The property app.server is a Hono instance, you can literally anything you can do with Hono.

D1 Sessions (experimental)

D1 now supports to enable global read replication. This allows to reduce latency by reading from the closest region. In order for this to work, D1 has to be started from a bookmark. You can enable this behavior on bknd by setting the d1.session property:

src/index.ts
import { serve } from "bknd/adapter/cloudflare";

export default serve({
  // ...
  d1: {
    // enables D1 sessions
    session: true,
    // (optional) restrict the transport, options: "header" | "cookie"
    // if not specified, it supports both
    transport: "cookie",
    // (optional) choose session constraint if not bookmark present
    // options: "first-primary" | "first-unconstrained"
    first: "first-primary",
  },
});

If bknd is used in a stateful user context (like in a browser), it'll automatically send the session cookie to the server to set the correct bookmark. If you need to manually set the bookmark, you can do so by setting the x-cf-d1-session header:

curl -H "x-cf-d1-session: <bookmark>" ...
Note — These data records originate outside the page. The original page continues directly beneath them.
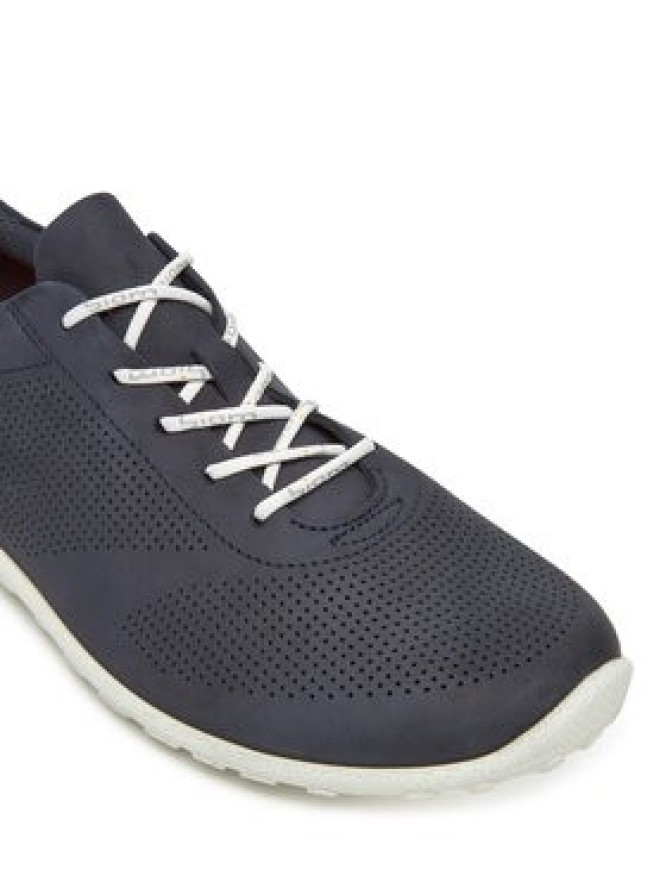 ECCO Sneakersy Biom Lite 80238402038 Granatowy
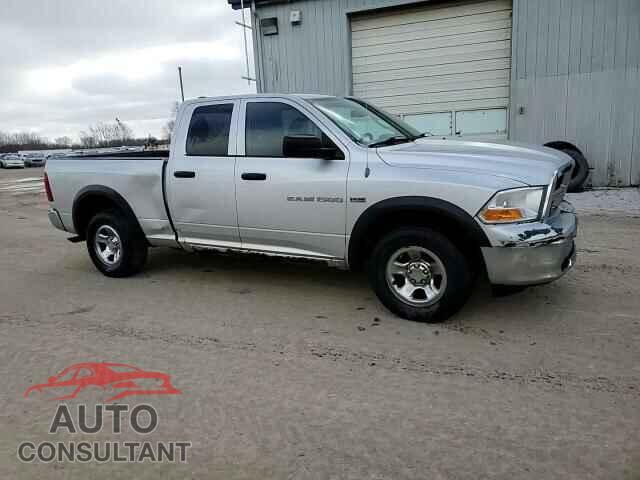 DODGE RAM 1500 2012 - 1C6RD7FT8CS226826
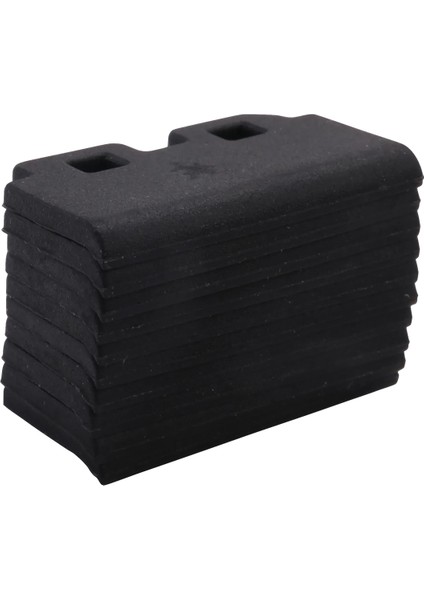 10 Adet Yumuşak Kauçuk Silecek Bıçağı Dx5 Silecekler Dx7 Eko Solvent Yazıcı Baskı Kafası Kafaları Mutoh Mimaki JV33 Jv5 (Yurt Dışından)
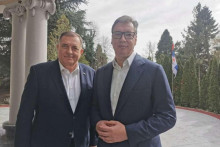 &lt;p&gt;Milorad Dodik i Aleksandar Vučić&lt;/p&gt;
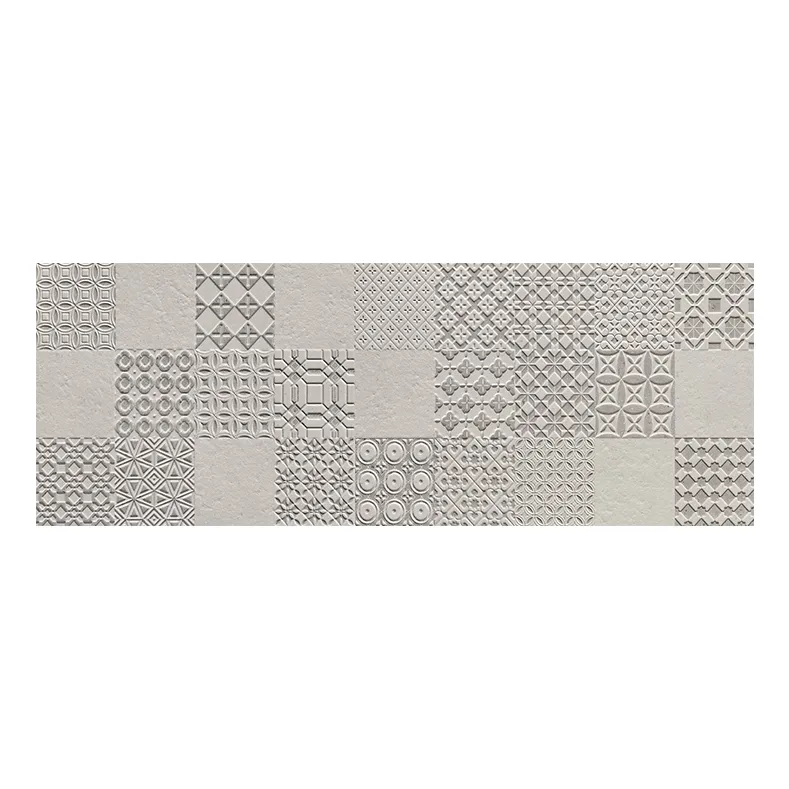 Tubadzin – PS PP DS Integrally Grey 3D Model Tubadzin – PS PP DS Integrally Grey 3D Model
Filesystem access with Vite Plugin

The Cloudflare Vite Plugin allows to use Vite with Miniflare to emulate the Cloudflare Workers runtime. This is great, however, unenv disables any Node.js APIs that aren't supported, including the fs module. If you want to use plugins such as syncTypes, this will cause issues.

To fix this, bknd exports a Vite plugin that provides filesystem access during development. You can use it by adding the following to your vite.config.ts file:

import { devFsVitePlugin } from "bknd/adapter/cloudflare";

export default defineConfig({
  plugins: [devFsVitePlugin()], 
});

Now to use this polyfill, you can use the devFsWrite function to write files to the filesystem.

import { devFsWrite } from "bknd/adapter/cloudflare"; 
import { syncTypes } from "bknd/plugins";

export default {
   options: {
      plugins: [
         syncTypes({ 
            write: async (et) => {
               await devFsWrite("bknd-types.d.ts", et.toString()); 
            }
         }),
      ]
   },
} satisfies BkndConfig;

Cloudflare Bindings in CLI

The bknd CLI does not automatically have access to the Cloudflare bindings. We need to manually proxy them to the CLI by using the withPlatformProxy helper function:

bknd.config.ts
import { d1 } from "bknd/adapter/cloudflare";
import { withPlatformProxy } from "bknd/adapter/cloudflare/proxy";

export default withPlatformProxy({
  app: ({ env }) => ({
     connection: d1({ binding: env.DB }),
  }),
});

Now you can use the CLI with your Cloudflare resources.

Make sure to not import from this file in your app, as this would include wrangler as a dependency.

Instead, it's recommended to split this configuration into separate files, e.g. bknd.config.ts and config.ts:

config.ts
import type { CloudflareBkndConfig } from "bknd/adapter/cloudflare";

export default {
  app: ({ env }) => ({
     connection: d1({ binding: env.DB }),
  }),
} satisfies CloudflareBkndConfig;

config.ts now holds the configuration, and can safely be imported in your app. Since the CLI looks for a bknd.config.ts file by default, we change it to wrap the configuration from config.ts in the withPlatformProxy helper function.

bknd.config.ts
import { withPlatformProxy } from "bknd/adapter/cloudflare/proxy";
import config from "./config";

export default withPlatformProxy(config);

As an additional safe guard, you have to set a PROXY environment variable to 1 to enable the proxy.